After searching Philip’s trouser pockets and finding nothing, she had called on her relatives and asked for a loan of ten pounds. But the Queen Mother couldn’t find her purse. Princess Margaret pretended not to be in, though the Queen distinctly saw her shadow behind the frosted glass of the front door, and Diana had spent her initial emergency payment on paint and a video machine apparently.
The Queen couldn’t understand where her own money had all gone. How did one
manage
? She turned the bedside light on and, using paper and a pencil, tried to tot up her expenses since moving into Hell Close. She got as far as: “Mr Spiggy – £50” before the light went out. The electricity meter needed feeding, but having nothing to feed it with, the Queen settled for darkness.

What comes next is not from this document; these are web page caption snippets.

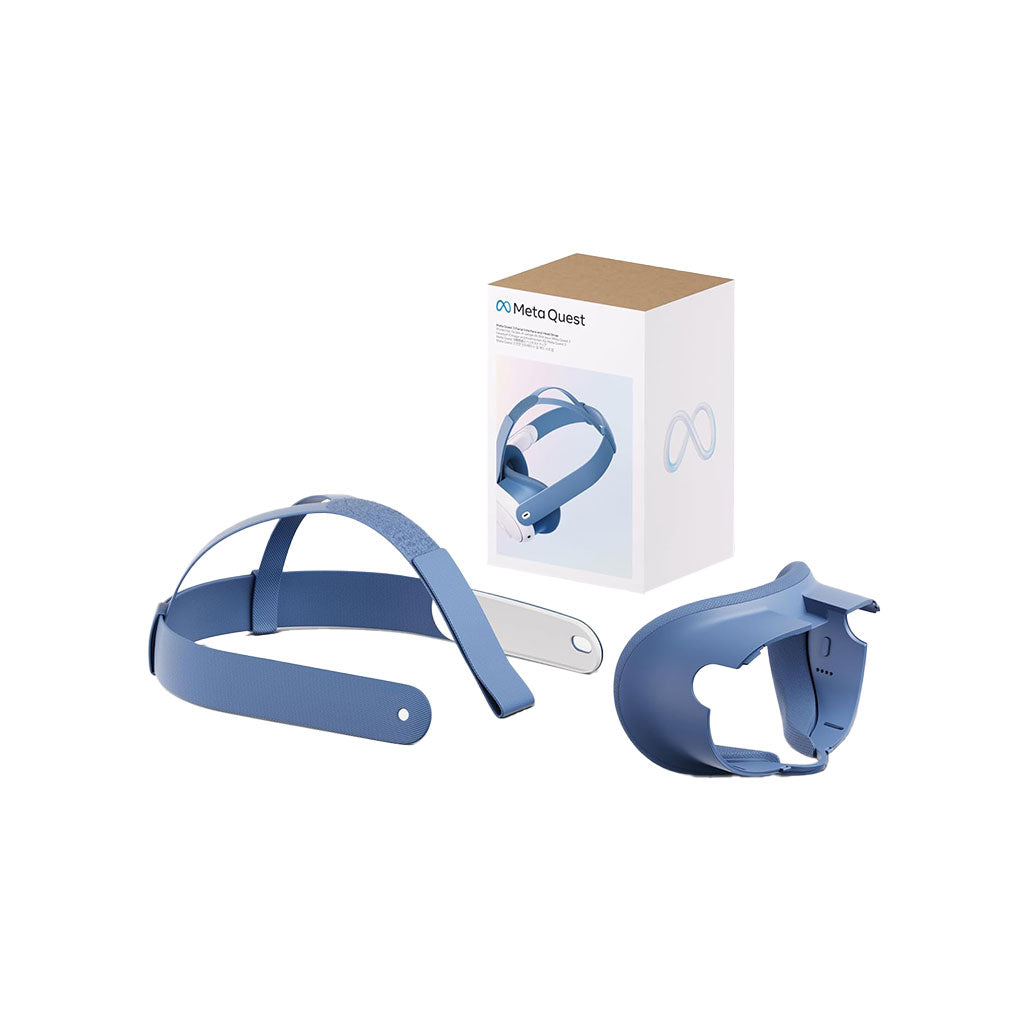 Meta Quest 3 Facial Interface and Head Strap (Elemental Blue), 33003618533628, Available at 961Souq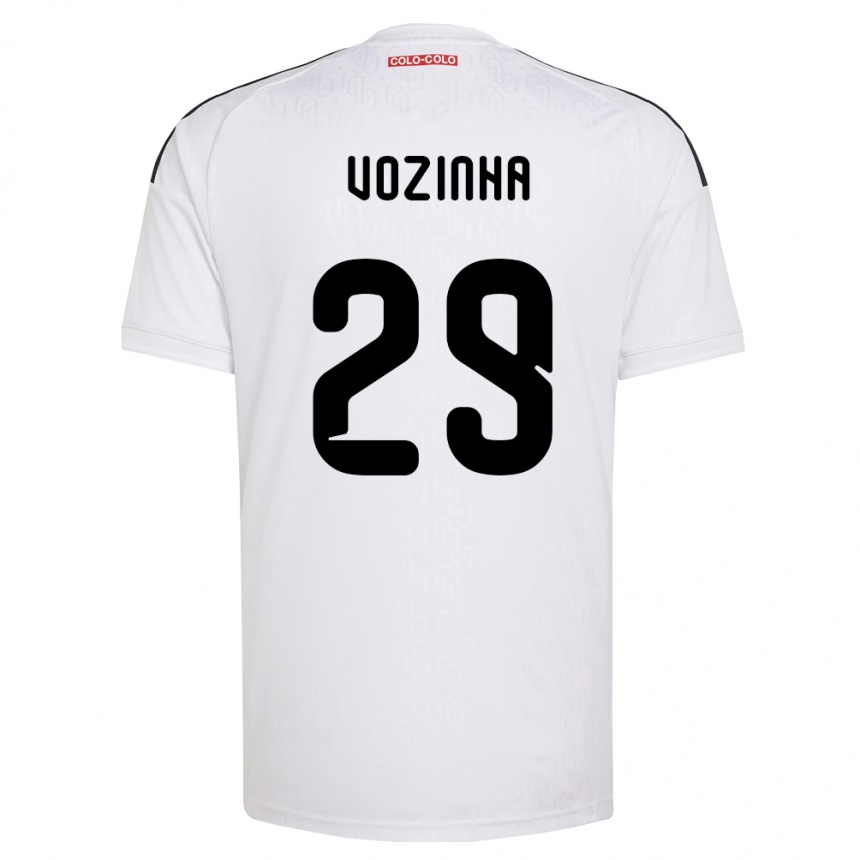 נשים כדורגל Vozinha #29 לבן שחור ג'רזי ביתית 2026/27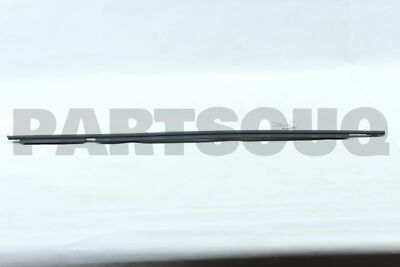7572260061 Genuine Toyota MOULDING, REAR DOOR BELT, LH 75722-60061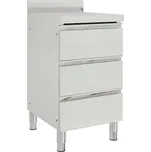 Profesionální kuchyňská linka se 3 zásuvkami 50x60x96 cm IM_151179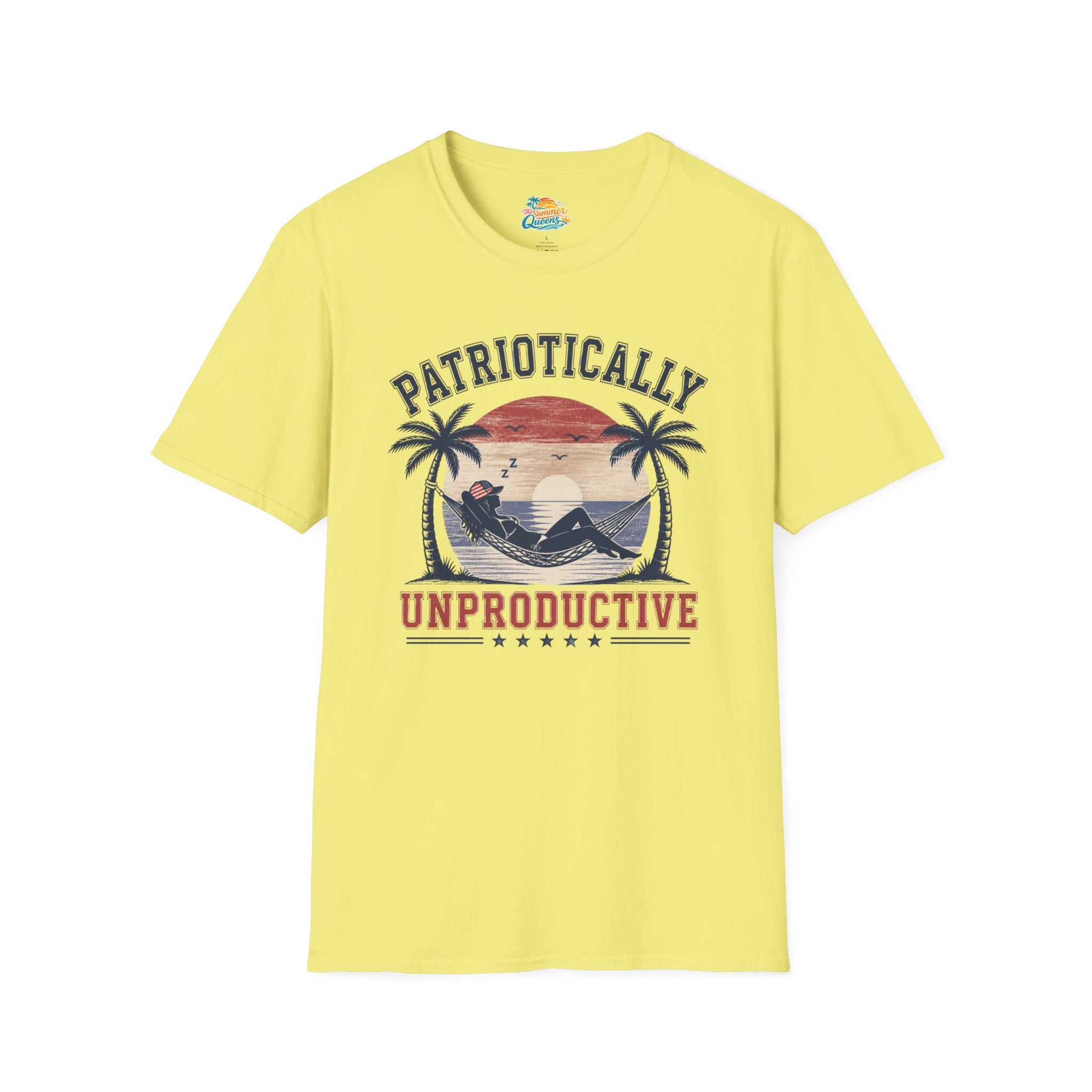 Patriotically Unproductive T-Shirt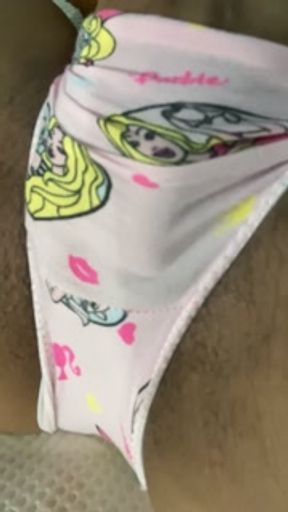 girl caressing herself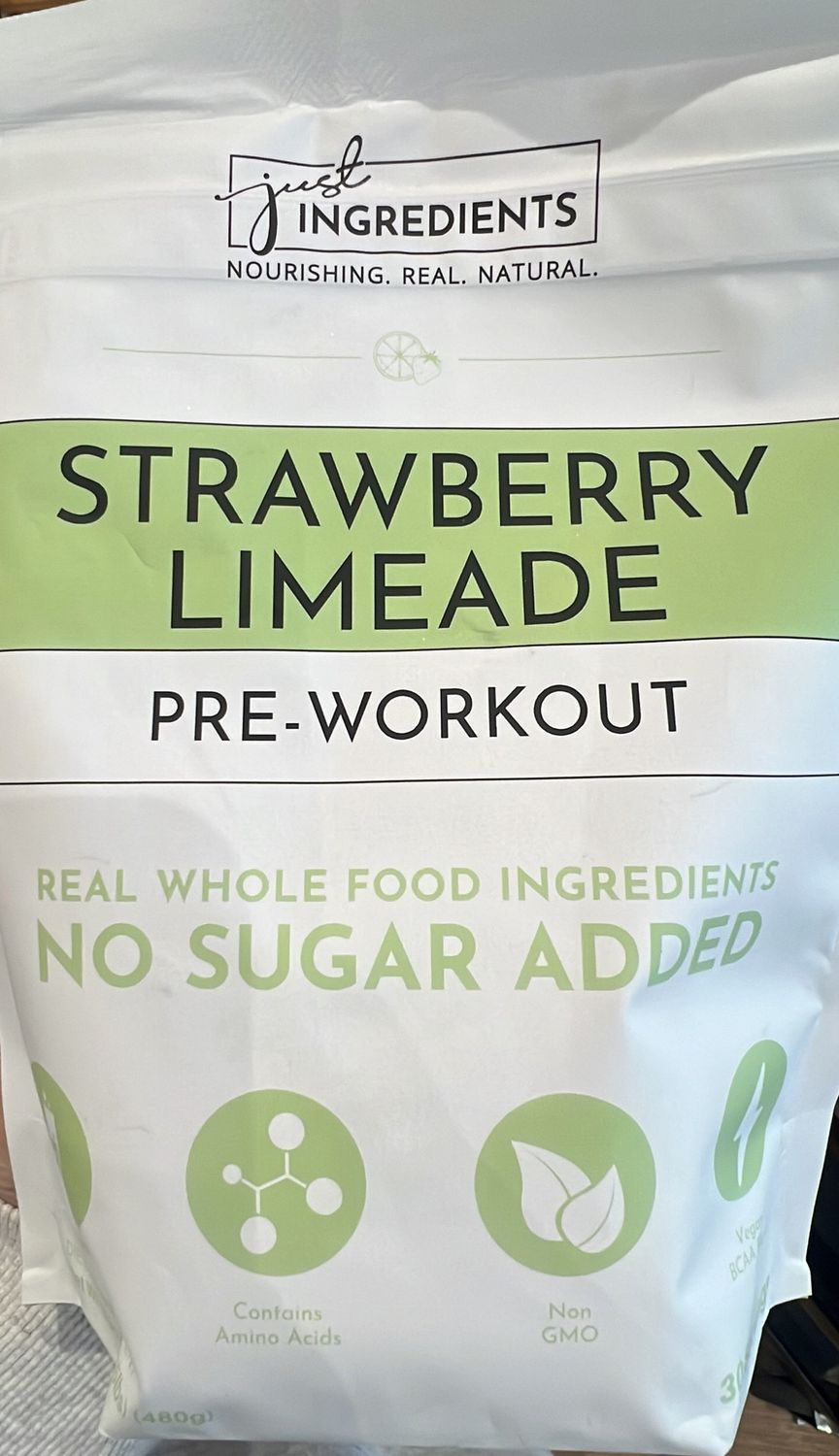 just ingredients strawberry limeade pre workout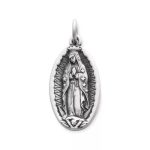 Virgin of Guadalupe Charm in Sterling Silver or 14K Yellow Gold
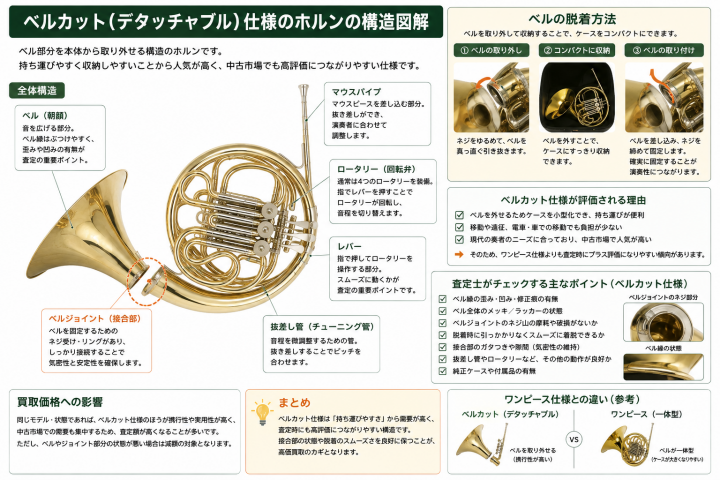 ベルカット(デタッチャブル)仕様のホルン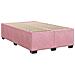 Giroletto a Molle con Materasso Rosa 120x190 cm in Velluto - Foto miniatura 8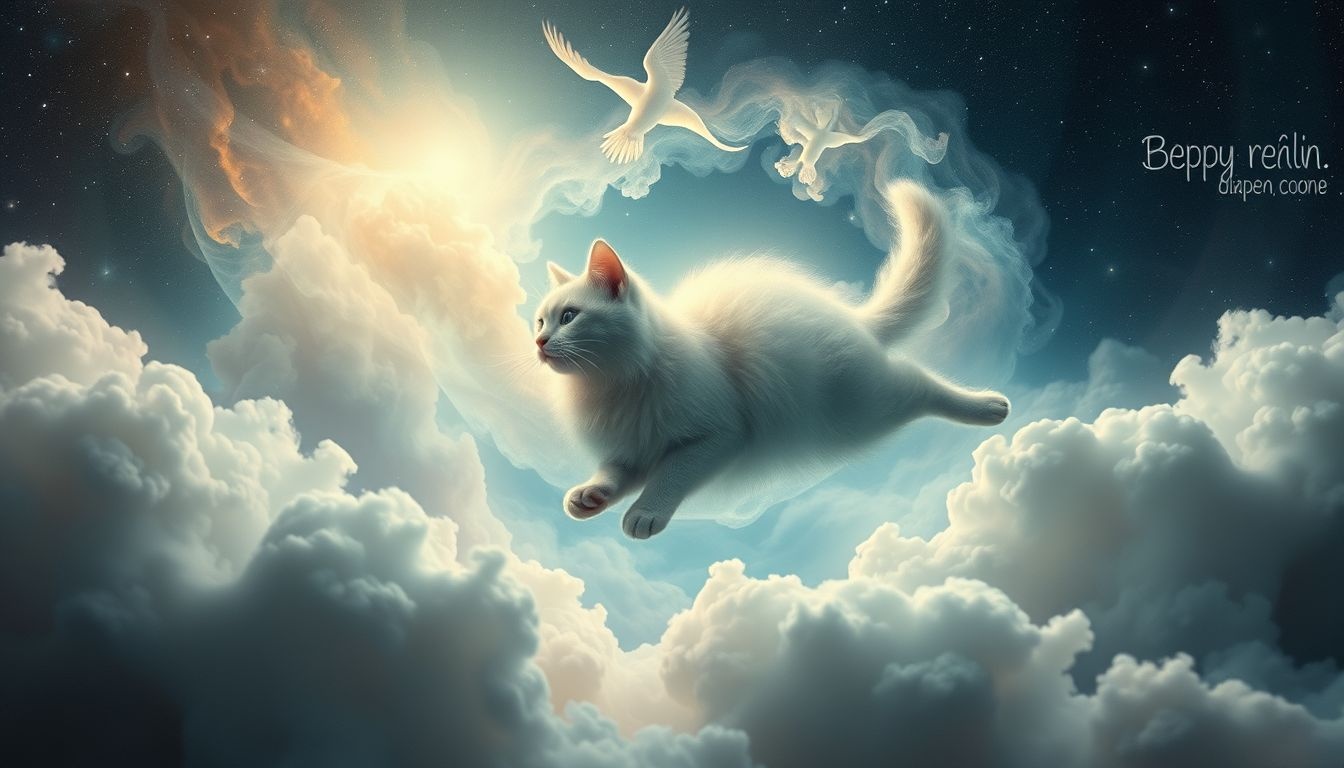 Een pratende kater symboliseert verborgen wijsheid en intuïtieve inzichten.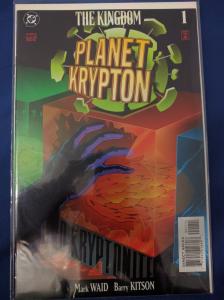Lot Of 2 DC Comic Books Kingdom: Offspring #1 & Planet Krypton # 1 Superman LH17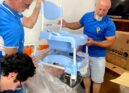 Veteranos de Alcains oferecem equipamentos para o Lar Major Rato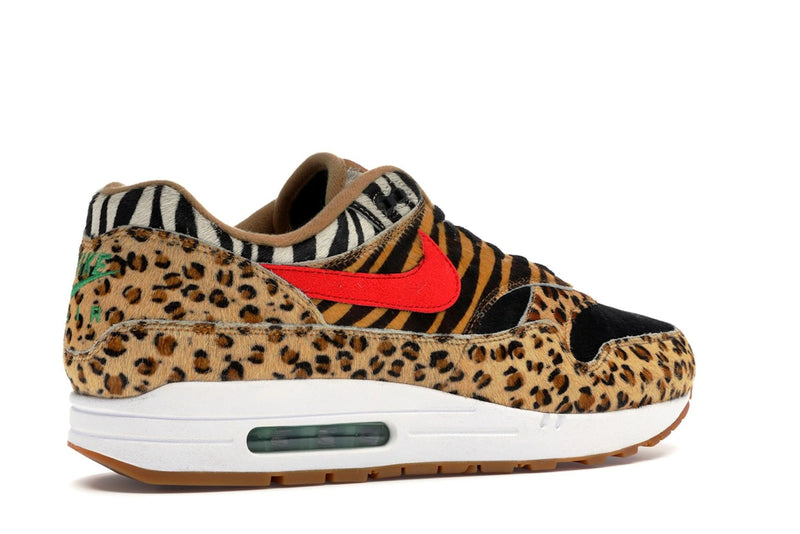 Nike Air Max 1 Atmos Animal Pack 2 (2018) Black Box - Wheat/Sport Red-Bison-Classic Green - AQ0928-700 - 33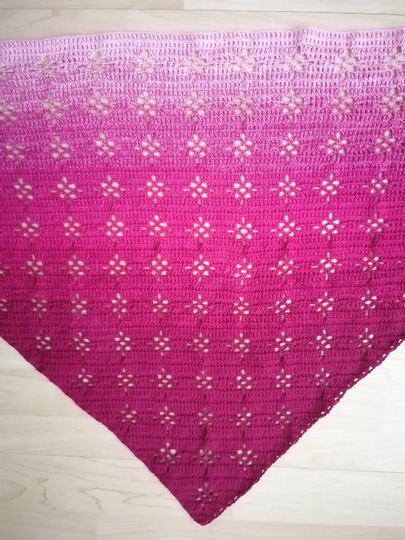 Häkelanleitung Dreieckstuch "Ornamental Flower"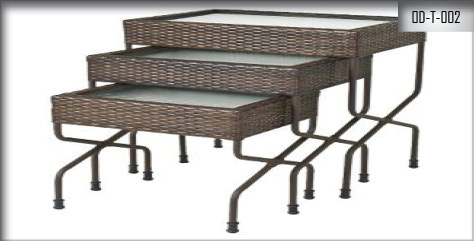 Outdoor Table - Traditional Indian Style, Durable Brown Appearance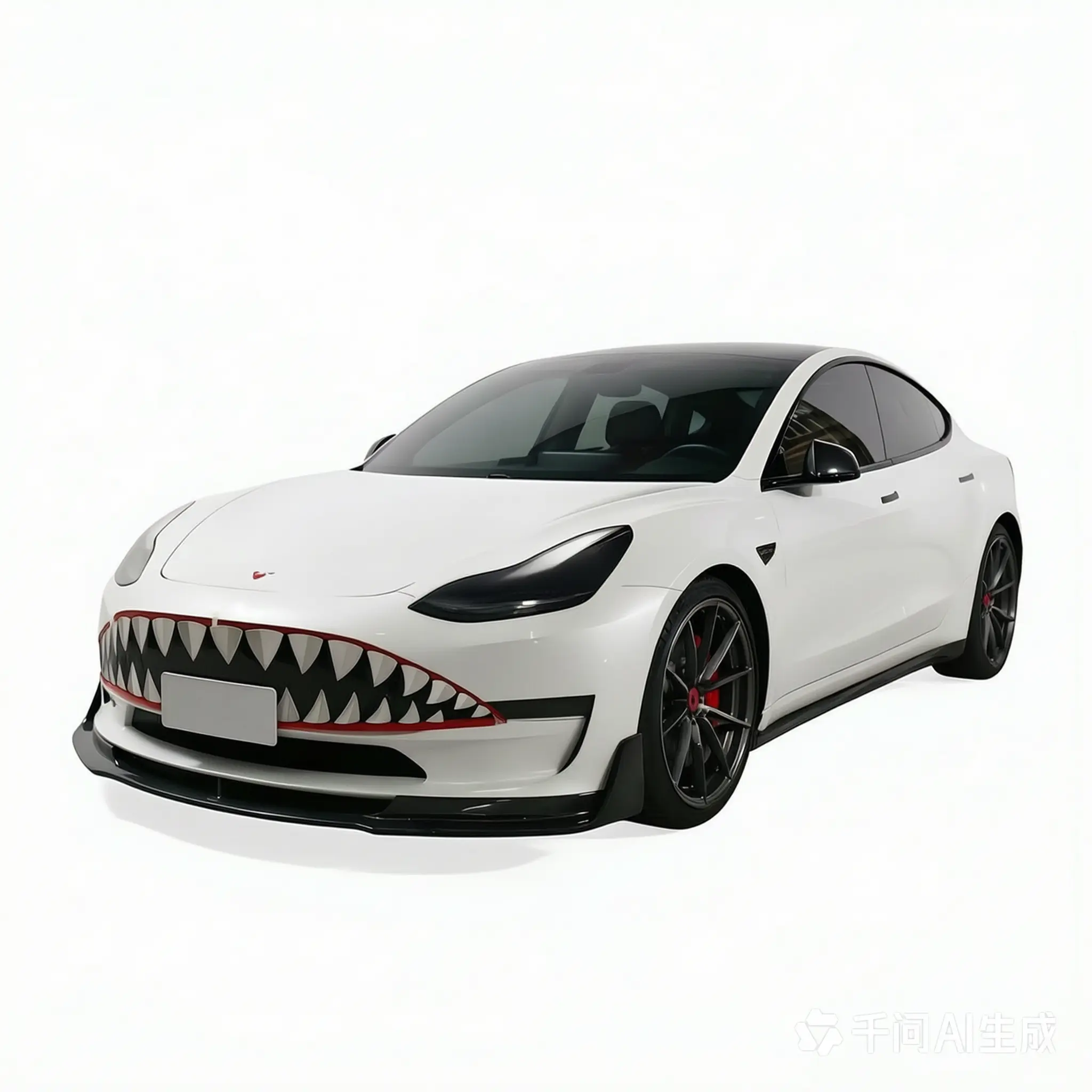 Tesla Model 3 / Model Y Shark Mouth Car Decal, Venom Teeth Sticker, Personalized Auto Exterior Modification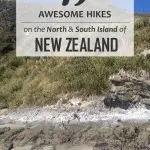 New Zealand is hikers paradise with countless amazing hikes and tracks! Check out these 19 great short hikes: 5 on the North Island and 14 on the South Island. #NewZealand #NorthIsland #SouthIsland #Hiking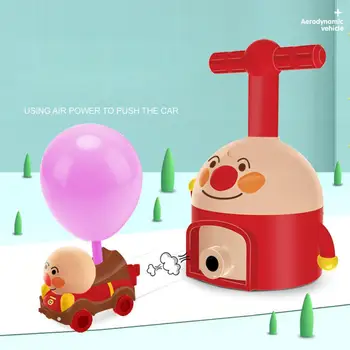 Copii Jucărie Explozie Pompa Auto De Aer De Putere Masina De Educație Timpurie Alimentat Masina Balon Forțele Aerodinamice Baloane Gonflabile Mașină De Jucărie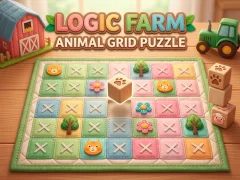 Spill Logic Farm: Animal Grid Puzzle online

Crawfie spoke to her. “C’mon now, Lilibet, hat and coat and gloves on, we’re going to ride on the Underground.” She and Margaret and Crawfie had once travelled from Piccadilly Circus to Tottenham Court Road, changing at Leicester Square. Thrillingly, the lights in the carriage had gone out several times during the journey. She had reported this to her parents as being the most exciting part of the excursion, but her parents had not shared her pleasure. To them, darkness represented danger and Crawfie was forbidden to repeat the experiment of taking the young princesses into the real world of imperfect people, who wore drab clothes and spoke another language.